**Problem:**
Look below for the line with "فندق Affordable Suites" and the line with "Tinh Mộng Thần Tượng Chapter 220 - Trang 2". Copy exactly those two lines and every line between, but not the pictures.

### Listed entries ###

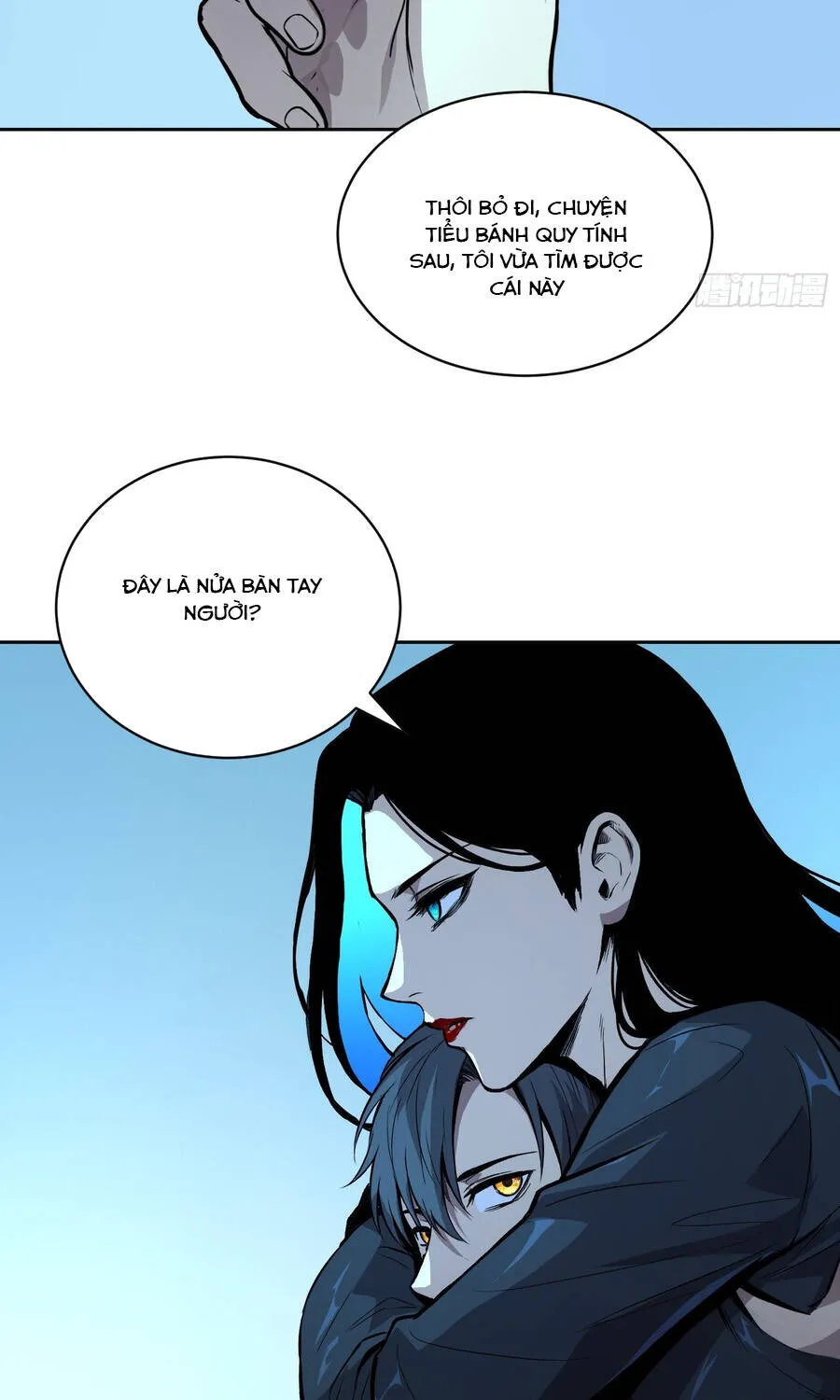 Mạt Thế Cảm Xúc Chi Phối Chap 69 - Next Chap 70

###
### Listed entries ###

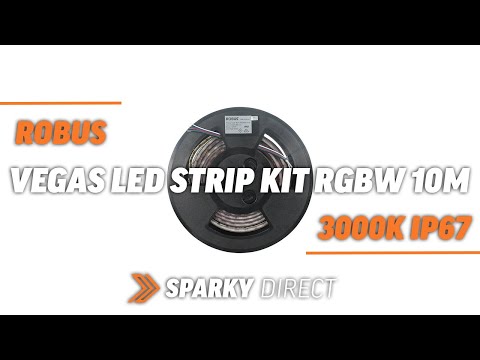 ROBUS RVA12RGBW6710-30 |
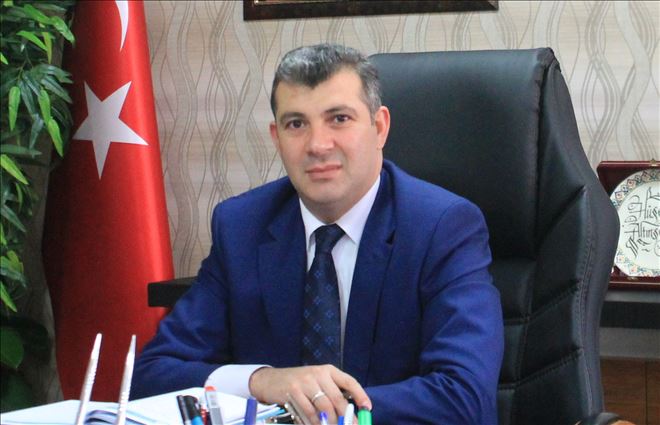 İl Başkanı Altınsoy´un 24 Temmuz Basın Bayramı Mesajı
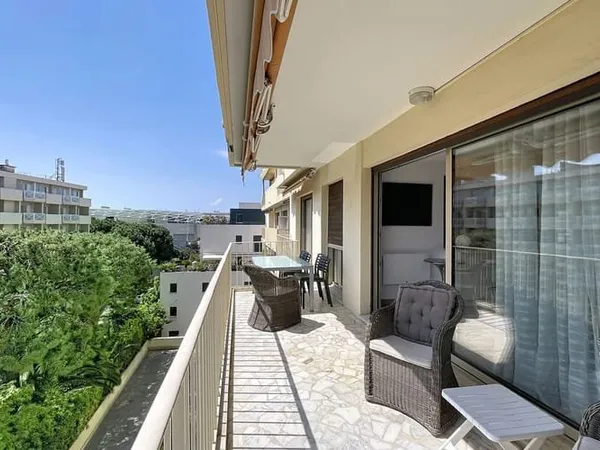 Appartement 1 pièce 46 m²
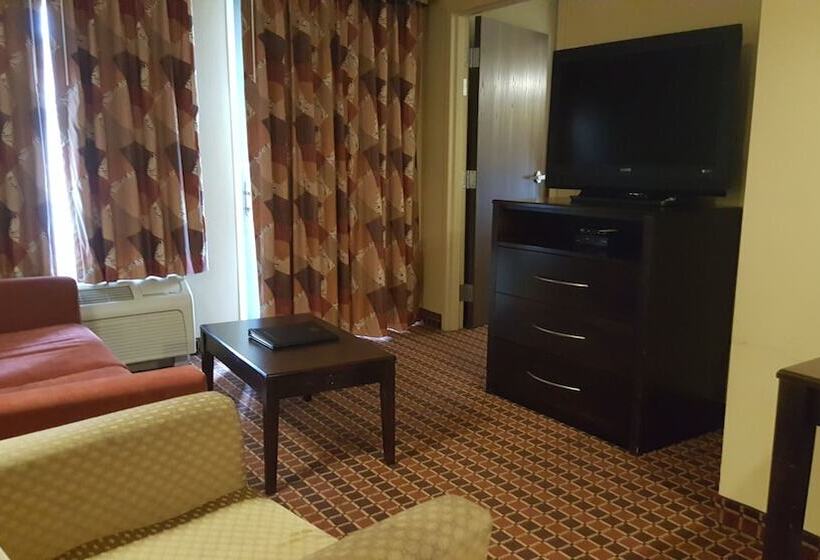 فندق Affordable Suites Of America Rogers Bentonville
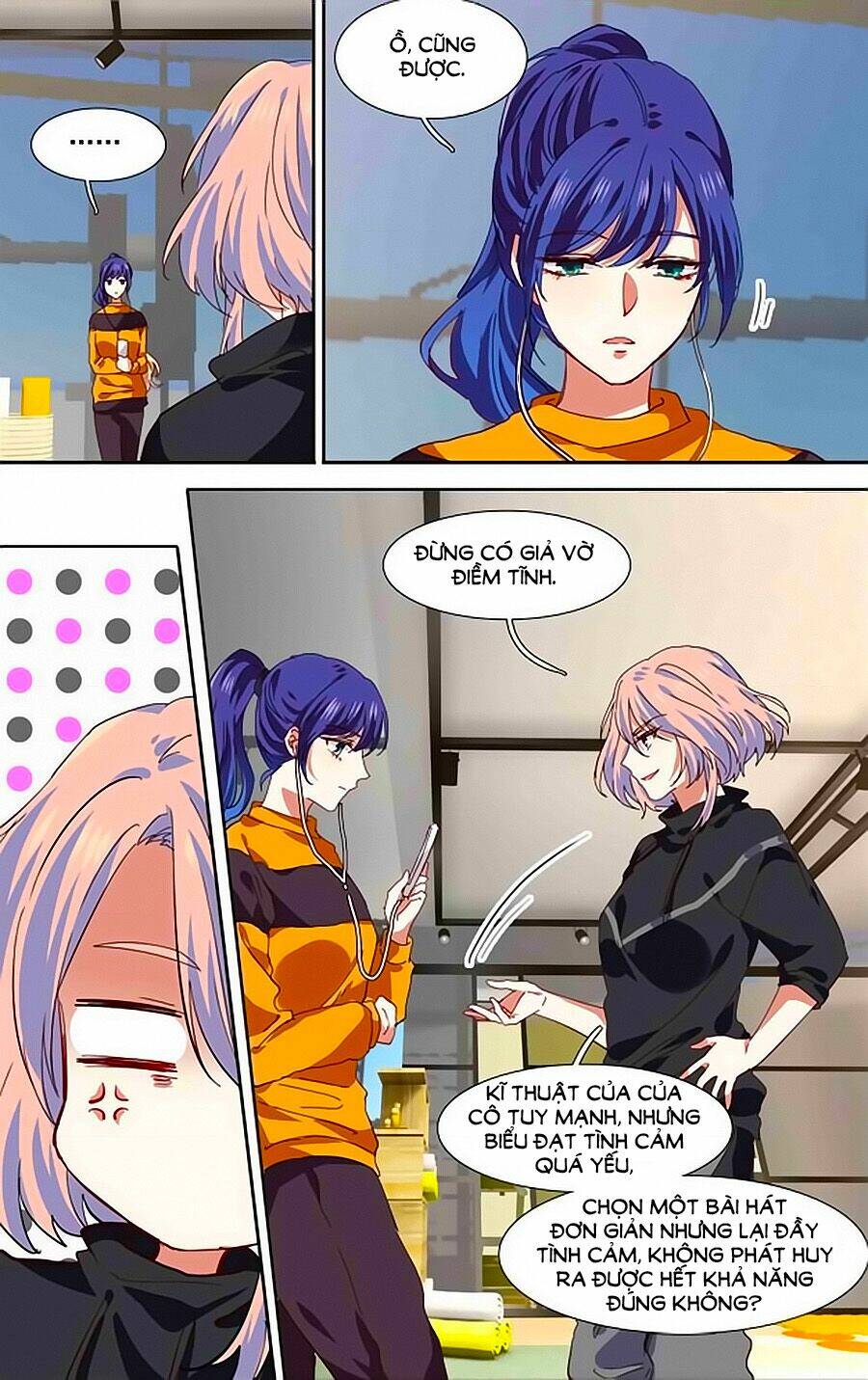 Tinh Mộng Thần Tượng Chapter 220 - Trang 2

###

**Answer box:**
 فندق Affordable Suites Of America Rogers Bentonville
 Tinh Mộng Thần Tượng Chapter 220 - Trang 2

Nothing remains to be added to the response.